Menggagas Sosiologi Pancasila
Satrio Wahono, SOSIOLOG DAN MAGISTER FILSAFAT UI
Sumber : SINAR HARAPAN, 10 Februari 2012


Jika ada satu hal yang paling patut disesalkan dari kekuasaan Orde Baru, itulah penyimpangan Pancasila dari ideologi negara menjadi ideologi penguasa. Rezim Soeharto kala itu memperalat Pancasila sebagai justifikasi untuk memberangus aspirasi warga negara demi melanggengkan kekuasaan semata.

Alhasil, tercipta stigma buruk bagi Pancasila. Bahkan, segala ikhtiar ilmiah untuk membuat ideologi itu aktual, seperti konsep Ekonomi Pancasila oleh Mubyarto, hanya mengundang cibiran. Padahal, segala usaha ilmiah tersebut sebenarnya menjadikan Pancasila sebagai ideologi yang terbuka terhadap kritik sebagaimana fitrah ilmu pengetahuan.

Lagi pula, sebagai pandangan hidup, Pancasila merupakan landasan filosofis kuat bagi siapa pun yang ingin mengembangkannya dalam aras ilmu pengetahuan. Jadi, tentu sah bagi kita merintis “Pancasilaisasi pengetahuan”. Asalkan jangan kebablasan seperti ada istilah menggelikan “Sepak Bola Pancasila” di zaman Orde Baru.

Adapun salah satu bidang yang belum tergarap benar dalam upaya Pancasilaisasi pengetahuan adalah sosiologi. Sebagai ilmu yang menganalisis relasi antara faktor dan aktor sosial dalam fenomena kemasyarakatan, sosiologi selama ini didominasi pemikiran Barat.

Karena itu, jika kita menyepakati Pancasila sebagai pandangan hidup, sudah sepatutnya satu sosiologi khas masyarakat Indonesia—sosiologi Pancasila—dirumuskan.

Mazhab Sosiologi

Dalam pemikiran Barat, berbagai teori sosiologi bisa dikelompokkan ke dalam tiga mazhab arus utama (mainstream). Pertama, mazhab struktural fungsional. Mazhab ini menganggap masyarakat sebagai struktur yang terdiri dari orang-orang yang memiliki fungsinya masing-masing.

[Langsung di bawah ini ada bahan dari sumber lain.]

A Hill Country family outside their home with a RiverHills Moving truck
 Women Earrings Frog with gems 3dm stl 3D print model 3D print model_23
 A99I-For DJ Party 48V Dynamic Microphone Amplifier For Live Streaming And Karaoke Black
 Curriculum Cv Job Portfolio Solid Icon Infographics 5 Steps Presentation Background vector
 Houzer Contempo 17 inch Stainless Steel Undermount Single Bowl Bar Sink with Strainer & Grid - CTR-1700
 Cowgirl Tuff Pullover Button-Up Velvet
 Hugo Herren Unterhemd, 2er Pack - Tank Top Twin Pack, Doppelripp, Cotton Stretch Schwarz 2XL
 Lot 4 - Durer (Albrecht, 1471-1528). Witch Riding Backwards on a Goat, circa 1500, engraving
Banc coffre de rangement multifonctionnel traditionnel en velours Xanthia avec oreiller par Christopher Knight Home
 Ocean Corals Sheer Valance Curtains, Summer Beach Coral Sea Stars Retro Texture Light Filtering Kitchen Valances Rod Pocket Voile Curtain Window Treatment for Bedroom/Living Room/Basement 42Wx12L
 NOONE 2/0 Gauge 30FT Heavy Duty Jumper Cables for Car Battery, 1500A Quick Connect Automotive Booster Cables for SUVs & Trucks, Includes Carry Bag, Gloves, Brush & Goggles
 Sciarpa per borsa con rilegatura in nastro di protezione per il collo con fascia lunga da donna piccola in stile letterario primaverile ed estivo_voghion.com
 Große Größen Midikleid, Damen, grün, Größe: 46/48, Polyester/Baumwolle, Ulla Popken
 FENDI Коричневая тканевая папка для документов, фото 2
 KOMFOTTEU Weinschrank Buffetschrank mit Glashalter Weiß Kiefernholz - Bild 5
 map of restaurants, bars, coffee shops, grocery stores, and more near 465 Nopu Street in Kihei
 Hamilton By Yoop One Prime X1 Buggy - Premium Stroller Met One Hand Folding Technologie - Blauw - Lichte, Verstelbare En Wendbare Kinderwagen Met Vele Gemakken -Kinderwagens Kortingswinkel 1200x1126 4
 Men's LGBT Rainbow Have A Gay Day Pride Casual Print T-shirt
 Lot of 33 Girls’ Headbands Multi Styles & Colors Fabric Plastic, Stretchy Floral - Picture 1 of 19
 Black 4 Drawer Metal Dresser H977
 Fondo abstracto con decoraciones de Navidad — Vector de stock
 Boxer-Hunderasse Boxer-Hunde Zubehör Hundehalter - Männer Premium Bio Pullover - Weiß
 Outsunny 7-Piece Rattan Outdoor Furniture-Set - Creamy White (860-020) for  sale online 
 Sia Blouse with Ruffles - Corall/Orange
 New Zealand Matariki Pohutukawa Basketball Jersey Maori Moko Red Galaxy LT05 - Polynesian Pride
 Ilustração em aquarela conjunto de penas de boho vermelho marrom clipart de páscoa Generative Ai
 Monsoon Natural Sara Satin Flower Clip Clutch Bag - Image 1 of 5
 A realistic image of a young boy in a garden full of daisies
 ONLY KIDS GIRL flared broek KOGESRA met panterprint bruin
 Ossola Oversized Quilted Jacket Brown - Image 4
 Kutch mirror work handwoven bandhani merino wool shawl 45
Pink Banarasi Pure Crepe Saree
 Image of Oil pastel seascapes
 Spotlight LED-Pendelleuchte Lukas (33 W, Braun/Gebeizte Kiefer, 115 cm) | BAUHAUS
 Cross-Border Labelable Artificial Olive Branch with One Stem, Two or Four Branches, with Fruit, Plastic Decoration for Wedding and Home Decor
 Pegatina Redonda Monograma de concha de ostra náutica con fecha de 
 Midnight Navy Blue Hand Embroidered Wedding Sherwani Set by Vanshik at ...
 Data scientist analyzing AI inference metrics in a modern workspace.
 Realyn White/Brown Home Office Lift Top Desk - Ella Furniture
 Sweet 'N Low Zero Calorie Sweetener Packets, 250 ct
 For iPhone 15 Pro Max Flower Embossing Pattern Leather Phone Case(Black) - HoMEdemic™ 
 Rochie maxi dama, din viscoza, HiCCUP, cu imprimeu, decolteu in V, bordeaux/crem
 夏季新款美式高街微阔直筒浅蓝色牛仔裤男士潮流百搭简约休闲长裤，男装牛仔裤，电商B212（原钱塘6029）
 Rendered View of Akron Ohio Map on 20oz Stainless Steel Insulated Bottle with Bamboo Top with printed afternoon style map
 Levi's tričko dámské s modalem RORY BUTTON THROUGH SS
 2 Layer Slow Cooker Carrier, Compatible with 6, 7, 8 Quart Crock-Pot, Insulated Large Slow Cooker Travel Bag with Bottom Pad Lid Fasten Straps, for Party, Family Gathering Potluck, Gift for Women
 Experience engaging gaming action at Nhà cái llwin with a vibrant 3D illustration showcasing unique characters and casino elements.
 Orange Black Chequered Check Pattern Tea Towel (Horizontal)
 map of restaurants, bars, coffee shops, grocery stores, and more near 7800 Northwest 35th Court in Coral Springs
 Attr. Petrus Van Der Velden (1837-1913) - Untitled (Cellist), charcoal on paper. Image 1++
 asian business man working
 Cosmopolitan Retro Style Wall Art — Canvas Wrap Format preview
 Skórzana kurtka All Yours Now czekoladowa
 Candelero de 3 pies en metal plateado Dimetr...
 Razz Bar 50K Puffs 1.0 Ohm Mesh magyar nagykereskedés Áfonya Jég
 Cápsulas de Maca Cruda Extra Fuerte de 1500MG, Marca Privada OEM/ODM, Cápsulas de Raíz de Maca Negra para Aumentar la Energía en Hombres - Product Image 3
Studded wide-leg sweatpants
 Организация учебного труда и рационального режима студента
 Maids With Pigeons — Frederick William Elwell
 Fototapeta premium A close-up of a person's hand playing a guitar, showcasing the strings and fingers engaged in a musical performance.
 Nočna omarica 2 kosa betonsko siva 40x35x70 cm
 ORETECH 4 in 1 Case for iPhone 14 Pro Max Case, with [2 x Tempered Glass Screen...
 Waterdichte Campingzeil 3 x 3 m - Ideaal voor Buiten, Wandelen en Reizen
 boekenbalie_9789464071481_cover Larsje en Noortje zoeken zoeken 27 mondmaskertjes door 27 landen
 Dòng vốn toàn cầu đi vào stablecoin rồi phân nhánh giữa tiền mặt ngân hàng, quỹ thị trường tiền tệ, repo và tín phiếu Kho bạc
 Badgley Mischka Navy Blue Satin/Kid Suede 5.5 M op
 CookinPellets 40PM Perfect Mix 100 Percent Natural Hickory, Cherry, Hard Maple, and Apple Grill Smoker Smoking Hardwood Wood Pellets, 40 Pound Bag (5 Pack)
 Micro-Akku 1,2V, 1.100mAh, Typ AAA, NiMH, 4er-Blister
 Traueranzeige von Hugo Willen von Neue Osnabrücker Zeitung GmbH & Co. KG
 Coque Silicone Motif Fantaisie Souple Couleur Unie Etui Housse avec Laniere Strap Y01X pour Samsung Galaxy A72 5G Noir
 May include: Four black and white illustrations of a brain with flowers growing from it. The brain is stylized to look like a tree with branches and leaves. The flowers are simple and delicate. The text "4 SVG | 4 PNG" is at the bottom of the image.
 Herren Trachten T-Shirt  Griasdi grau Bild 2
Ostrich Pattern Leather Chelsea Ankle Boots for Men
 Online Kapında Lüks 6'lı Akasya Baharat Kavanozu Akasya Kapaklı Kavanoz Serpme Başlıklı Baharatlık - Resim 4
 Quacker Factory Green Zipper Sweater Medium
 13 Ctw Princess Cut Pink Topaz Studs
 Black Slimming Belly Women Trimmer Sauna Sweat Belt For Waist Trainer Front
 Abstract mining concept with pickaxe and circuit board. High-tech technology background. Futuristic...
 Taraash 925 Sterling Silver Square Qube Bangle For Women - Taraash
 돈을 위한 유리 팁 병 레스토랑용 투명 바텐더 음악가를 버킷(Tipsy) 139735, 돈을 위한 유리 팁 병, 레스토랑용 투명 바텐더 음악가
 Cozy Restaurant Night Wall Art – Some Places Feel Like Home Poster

Oleh karena itu, masalah sosial diakibatkan tidak berjalannya salah satu atau lebih fungsi-fungsi tersebut. Sebagai contoh, jika terjadi korupsi, seorang sosiolog akan mencari apakah ada masalah dalam fungsi-fungsi kemasyarakatan, seperti pendidikan dan ekonomi.

Sang sosiolog, misalnya, lantas bisa mengatakan korupsi terjadi akibat pendidikan karakter kita yang bermasalah.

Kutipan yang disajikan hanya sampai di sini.